Par ailleurs, l’article 323-3 du Code pénal sanctionne le fait d’introduire frauduleusement des données dans un système de traitement automatisé, d’extraire, de détenir, de reproduire, de transmettre, de supprimer ou de modifier frauduleusement les données qu’il contient et l’article 321-1 sanctionne le recel qui est le fait de dissimuler, de détenir ou de transmettre une chose, ou de faire office d’intermédiaire afin de la transmettre, en sachant que cette chose provient d’un crime ou d’un délit.

Ainsi, si le prestataire d’OSINT collecte des informations provenant d’un vol de données en toute connaissance, et les transmet à son client, il pourrait être poursuivi pour recel de l’infraction de l’article 323-3.
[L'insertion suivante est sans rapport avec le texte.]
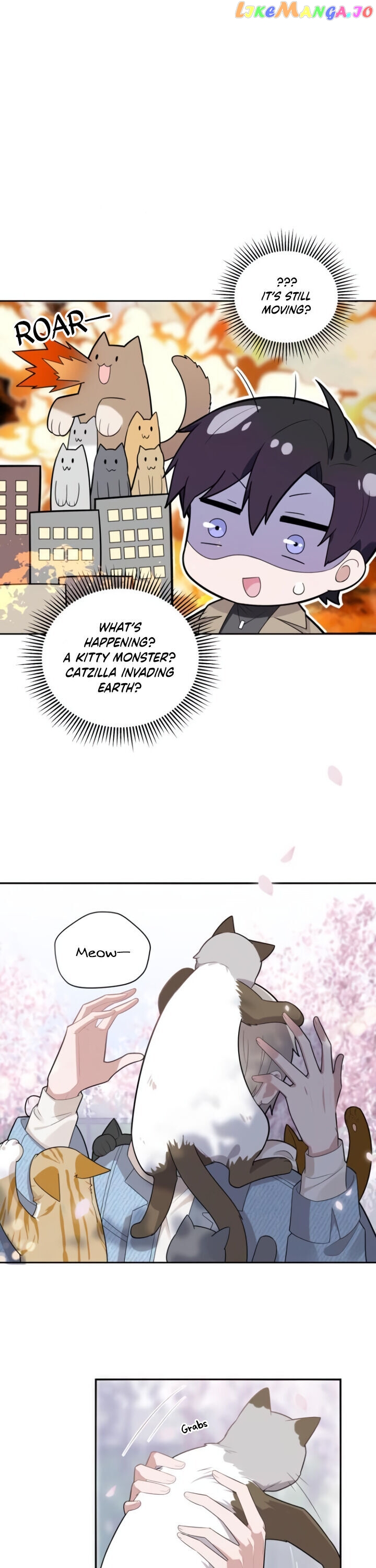 Sweet Little Love Story chapter 1 - page 17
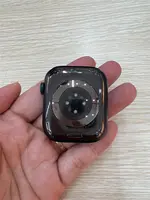Đồng hồ thông minh Apple Watch Series 8 Demo 45mm GPS + Cellular viền nhôm đen 3K639PA/A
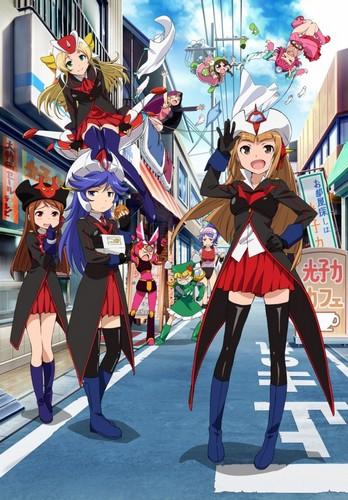 Robot Girls Z Episode 0 постер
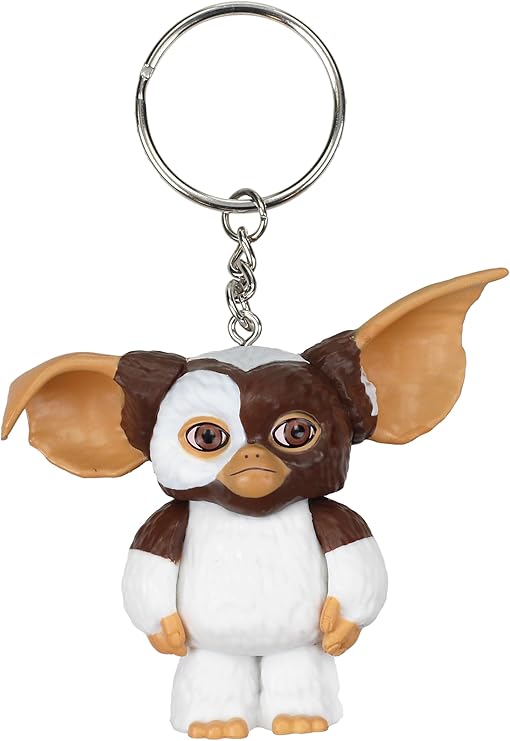 Porte-clés Gizmo Gremlins – Figurine collector – 6 cm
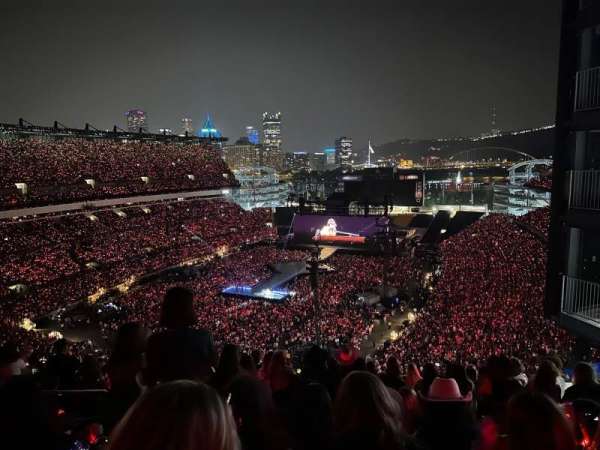 Photo by a.frayyyy at Acrisure Stadium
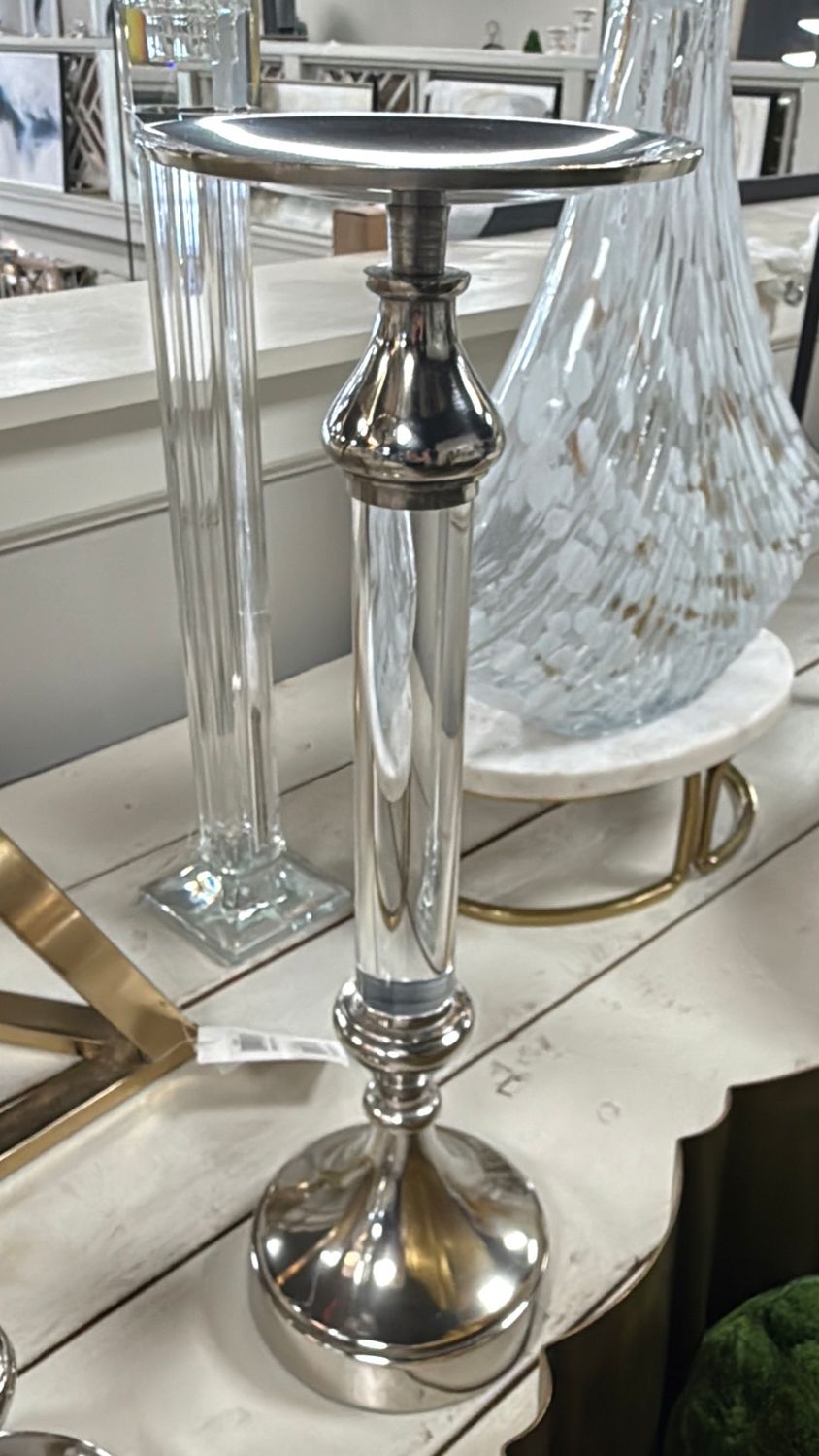 Darcy Candleholders - SMALL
Le prestataire d’OSINT doit donc être extrêmement vigilant quant à l’origine des données qu’il collecte afin de ne pas de rendre coupable des infractions exposées ci-dessus. Aussi, il convient de s’intéresser aux moyens du prestataire d’OSINT pour accéder à l’information, notamment par la création de faux comptes.

Par exemple, pour accéder à des informations d’un compte privé sur un réseau social, le prestataire d’OSINT peut être tenté de créer un faux compte, en faisant usage d’une fausse identité. Un tel agissement peut entrer dans la qualification d’usurpation d’identité, réprimée pénalement (article 226-4-1 du code pénal).
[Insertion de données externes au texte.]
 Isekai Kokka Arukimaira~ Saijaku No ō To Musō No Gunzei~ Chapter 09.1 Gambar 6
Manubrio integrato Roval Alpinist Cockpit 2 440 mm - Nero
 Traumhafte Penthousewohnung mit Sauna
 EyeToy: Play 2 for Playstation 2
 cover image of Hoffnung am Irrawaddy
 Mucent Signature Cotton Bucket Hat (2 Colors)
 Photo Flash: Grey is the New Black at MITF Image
L’usage d’un faux compte pour accéder à des informations d’un compte privé pourrait également, suivant les circonstances, engager la responsabilité civile du prestataire d’OSINT.
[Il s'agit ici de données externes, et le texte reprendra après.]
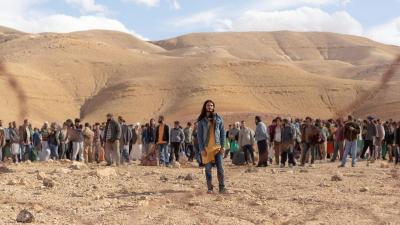 Netflix’s Messiah Is A Great Idea, But Doesn’t Deliver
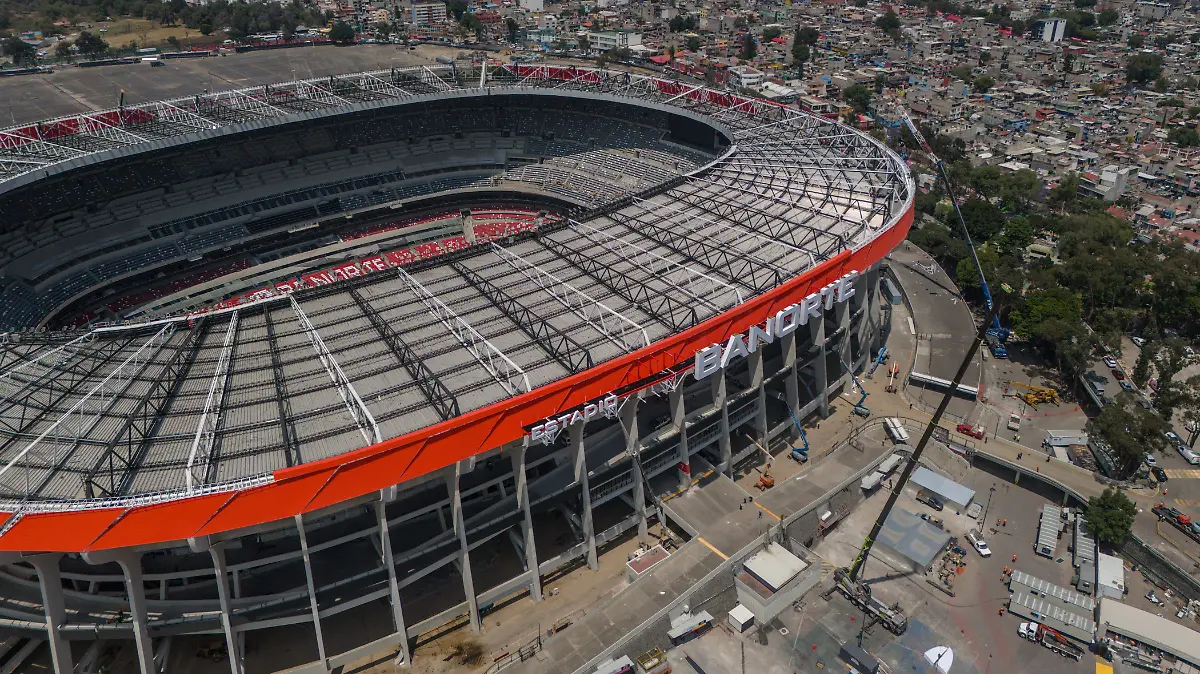 ESTADIO AZTECA BANORTE CERTIFICACION CONTRA INCENDIOS roberto hernandez (2)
Aussi, les réseaux sociaux prévoient parfois dans leurs conditions générales d’utilisation, l’interdiction de tels comportements. Par exemple, les CGU d’Instagam stipulent :

« Utilisations interdites d’Instagram. La fourniture d’un Service ouvert et sûr à une vaste communauté nécessite que chacun y apporte sa contribution.

  • Vous ne pouvez pas usurper l’identité d’autrui ni fournir des informations erronées.

Vous n’avez pas l’obligation de révéler votre identité sur Instagram, mais vous devez nous fournir des informations exactes et à jour (y compris les informations d’inscription), ce qui peut inclure de fournir des données personnelles. Vous ne pouvez pas usurper l’identité de quelqu’un ou d’une chose que vous n’êtes pas et vous ne pouvez pas créer de compte pour une autre personne, sauf si vous avez son autorisation expresse. » https://help.instagram.com/581066165581870/?locale=fr_FR

Même dans le cas d’une recherche en OSINT fondée sur une base légitime, les moyens employés pour collecter et utiliser les informations conditionnent donc leur licéité. Il est, par conséquent, essentiel que le prestataire d’OSINT soit vigilant dans sa pratique.